To be honest, I've no idea about Signed Releases. Maybe @mdrlzy might be able to comment. I guess we haven't worked on it yet, since we aren't distributing via Play store yet. For now, it's alright to track plain APK performance.

Please, take into account that 0.07s is the timing for executing the Rust CRC32 function under the Desktop x86_64 Linux Environment where the library is built as release; Meanwhile, 3.46s (which approximately ~1.7s are idle time because of the JVM Task Scheduler) is the timing for executing the Rust CRC32 function under the JVM Android project where the library is built as release and the Android Project is built as debug.

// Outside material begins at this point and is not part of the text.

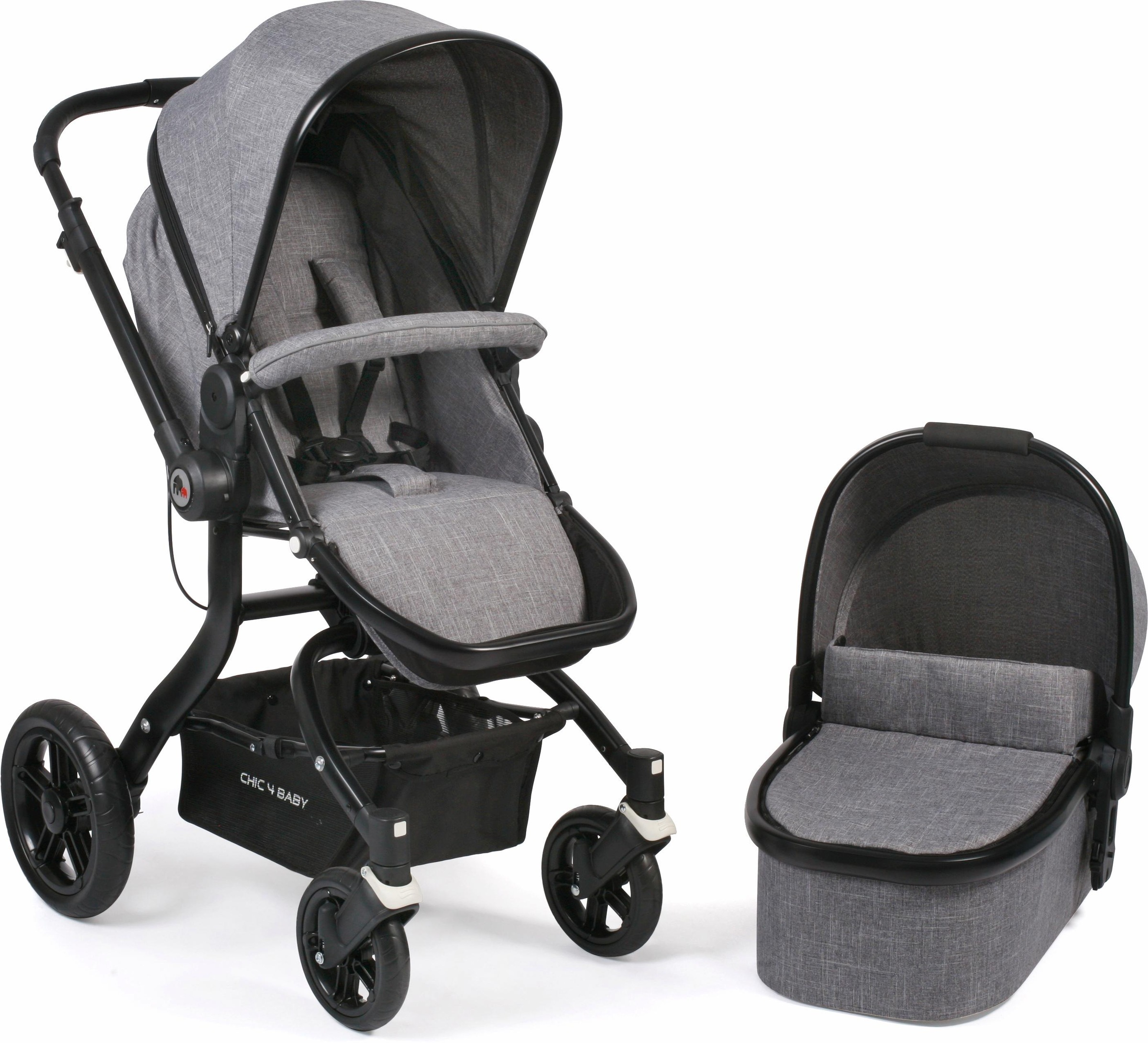 Image of CHIC4BABY Kombi-Kinderwagen »Tano, grau«, 15 kg, ; Kinderwagen bei Ackermann Versand Schweiz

Oh, I see. We will have chance to tune performance both on desktop and mobile. Profiling is always good.

kirillt commented 2 years ago

This is not run under the CI as instrumented tests are required, we could work on running Instrumented Tests remotely under the CI but we should ensure that our environment uses an approach such as the one in https://github.com/marketplace/actions/android-emulator-runner. Hopefully, we could a new workflow for this or modify our already present one. What do you think?

I got it, let's add such a workflow in next PR related to arklib.

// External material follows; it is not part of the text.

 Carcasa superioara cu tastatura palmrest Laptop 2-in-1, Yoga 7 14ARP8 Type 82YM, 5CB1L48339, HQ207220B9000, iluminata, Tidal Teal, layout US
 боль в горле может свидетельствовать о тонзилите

sisco0 commented 2 years ago

@kirillt stated: To be honest, I've no idea about Signed Releases. Maybe @mdrlzy might be able to comment. I guess we haven't worked on it yet, since we aren't distributing via Play store yet. For now, it's alright to track plain APK performance.

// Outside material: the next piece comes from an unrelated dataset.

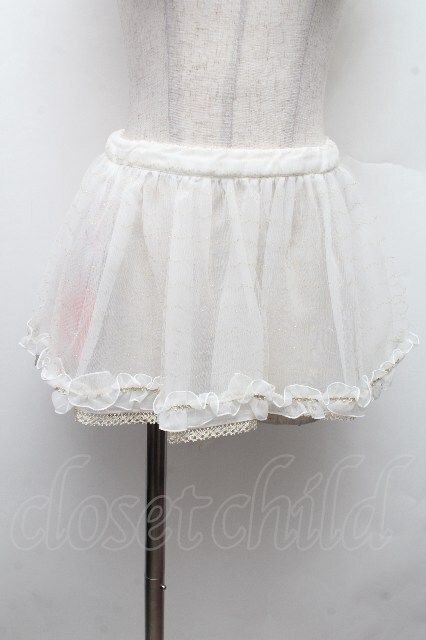 BABY,THE STARS SHINE BRIGHT / Papillonnage en eclats ペプラム 生成りｘゴールド S-26-03-17-046-BA-ZA-SA-ZS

What I mean with my statement about the benchmarks is that we should be able to compile our Android Application under a Release Configuration, as we are currently building it under a Debug configuration by default (The native library is built under a Release configuration). That process should be done by generating some PGP keys that could be set for each developer so he could sign the generated bundle and create a Release version of the application for measuring times, which we hope that we could obtain better performance of the Rust-based native library implementation under the Android Virtual Device (AVD). Summarizing in the next table:

Tested configuration Configuration to test
App build config Debug Release
Rust-based native library build config Release Release

@sisco0 stated: This is not run under the CI as instrumented tests are required, we could work on running Instrumented Tests remotely under the CI but we should ensure that our environment uses an approach such as the one in https://github.com/marketplace/actions/android-emulator-runner. Hopefully, we could a new workflow for this or modify our already present one. What do you think?

@kirillt stated: I got it, let's add such a workflow in next PR related to arklib.

We should open a new issue for this enhancement that contains the given URL as reference. Take into account that adding these instrumentation tests and macOS-based runners could induce to changes in the .yml Github Actions commands.

kirillt commented 2 years ago

Understood, thank you for the explanation.